- Born: 15 December 1947 Serbia
- Died: 21 February 2020 (aged 72)
- Education: Belgrade's Higher School of Economics
- Occupation: politician in Serbia
- Known for: member, National Assembly of Serbia
- Notable work: served two terms as coordinator of the women's parliamentary network in Serbia
- Political party: Party of United Pensioners of Serbia (PUP)

= Vera Paunović =

Serbian politician (1947–2020)

Vera Paunović (Вера Пауновић; 15 December 1947 – 21 February 2020) was a politician in Serbia. She served in the National Assembly of Serbia as a member of the Party of United Pensioners of Serbia (PUPS) on an almost continuous basis from 2012 until her death.

==Early life and private career==
Paunović completed Belgrade's Higher School of Economics program in 1974–75 and subsequently worked for RB Kolubara in her home community of Lazarevac, Belgrade as a financial services manager.

==Political career==
Paunović was a founding member of the PUPS in 2006. She became party secretary for Lazarevac in 2009 and a member of the PUPS executive committee at the republic level in 2010, serving in both roles until her death.

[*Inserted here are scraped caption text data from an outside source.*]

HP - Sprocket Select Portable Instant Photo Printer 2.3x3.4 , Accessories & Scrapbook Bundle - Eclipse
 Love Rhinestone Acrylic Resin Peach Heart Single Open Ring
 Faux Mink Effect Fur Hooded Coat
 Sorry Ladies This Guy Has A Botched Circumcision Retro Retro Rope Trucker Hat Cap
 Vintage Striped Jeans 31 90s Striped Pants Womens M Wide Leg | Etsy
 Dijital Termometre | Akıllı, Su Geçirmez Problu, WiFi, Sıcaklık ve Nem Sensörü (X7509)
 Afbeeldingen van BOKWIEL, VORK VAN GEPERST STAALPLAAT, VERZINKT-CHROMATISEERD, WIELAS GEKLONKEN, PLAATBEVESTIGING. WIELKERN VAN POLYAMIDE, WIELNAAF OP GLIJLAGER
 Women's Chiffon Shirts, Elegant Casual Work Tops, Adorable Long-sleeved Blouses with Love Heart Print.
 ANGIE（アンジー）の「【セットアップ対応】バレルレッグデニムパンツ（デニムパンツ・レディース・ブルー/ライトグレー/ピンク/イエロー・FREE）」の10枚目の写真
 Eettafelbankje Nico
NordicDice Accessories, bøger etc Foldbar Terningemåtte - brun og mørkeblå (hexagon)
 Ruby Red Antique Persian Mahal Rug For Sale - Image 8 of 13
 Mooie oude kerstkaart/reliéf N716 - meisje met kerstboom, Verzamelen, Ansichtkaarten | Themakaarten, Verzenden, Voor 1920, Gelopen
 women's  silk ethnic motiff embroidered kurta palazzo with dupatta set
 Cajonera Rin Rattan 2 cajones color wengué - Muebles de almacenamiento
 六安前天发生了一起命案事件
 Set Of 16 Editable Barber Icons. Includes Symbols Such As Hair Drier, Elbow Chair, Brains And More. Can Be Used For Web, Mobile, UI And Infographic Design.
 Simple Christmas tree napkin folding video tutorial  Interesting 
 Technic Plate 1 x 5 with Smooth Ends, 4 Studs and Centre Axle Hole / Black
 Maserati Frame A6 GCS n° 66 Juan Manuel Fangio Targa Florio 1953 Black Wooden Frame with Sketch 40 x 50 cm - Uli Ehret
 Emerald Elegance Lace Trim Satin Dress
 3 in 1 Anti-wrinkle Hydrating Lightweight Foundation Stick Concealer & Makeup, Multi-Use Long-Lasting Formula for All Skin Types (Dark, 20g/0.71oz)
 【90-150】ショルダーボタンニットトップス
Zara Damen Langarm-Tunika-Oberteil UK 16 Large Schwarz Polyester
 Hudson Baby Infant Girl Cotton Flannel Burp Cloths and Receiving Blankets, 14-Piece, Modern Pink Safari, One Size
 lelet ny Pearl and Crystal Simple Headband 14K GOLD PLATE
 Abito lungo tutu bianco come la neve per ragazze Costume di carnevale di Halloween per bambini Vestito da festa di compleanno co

She was first elected to the National Assembly in the 2012 Serbian parliamentary election, which the PUPS contested in an alliance with the Socialist Party of Serbia. Paunović received the twenty-third position on the Socialist-led electoral list and was elected when the list won forty-four mandates. After the election, the PUPS joined a coalition government led by the Serbian Progressive Party and the Socialists, and Paunović served with the ministry's parliamentary majority. She again received the twenty-third position on the Socialist list in the 2014 election and was re-elected when the list again won forty-four mandates. The governing alliance of Progressives and Socialists continued after the election, and the PUPS assembly members continued to support the government.

In early 2016, the PUPS ended its electoral alliance with the Socialist Party and formed a new alliance with the Progressive Party, contesting the 2016 parliamentary election on the latter's Aleksandar Vučić – Serbia Is Winning list. Paunović received the 228th list position (out of 250). This was too low a position for direct election to be a realistic prospect, and she was not initially re-elected even as the list won a majority victory with 131 out of 250 seats. She was, however, awarded a mandate on 5 October 2016, as a replacement for party leader Milan Krkobabić, who resigned from parliament after being appointed as a government minister.

During her final parliamentary term, Paunović was a member of Serbia's parliamentary friendship groups with Belarus, China, Denmark, Finland, France, Greece, Kazakhstan, Russia, and Switzerland. She served two terms as coordinator of the women's parliamentary network in Serbia in the course of her career.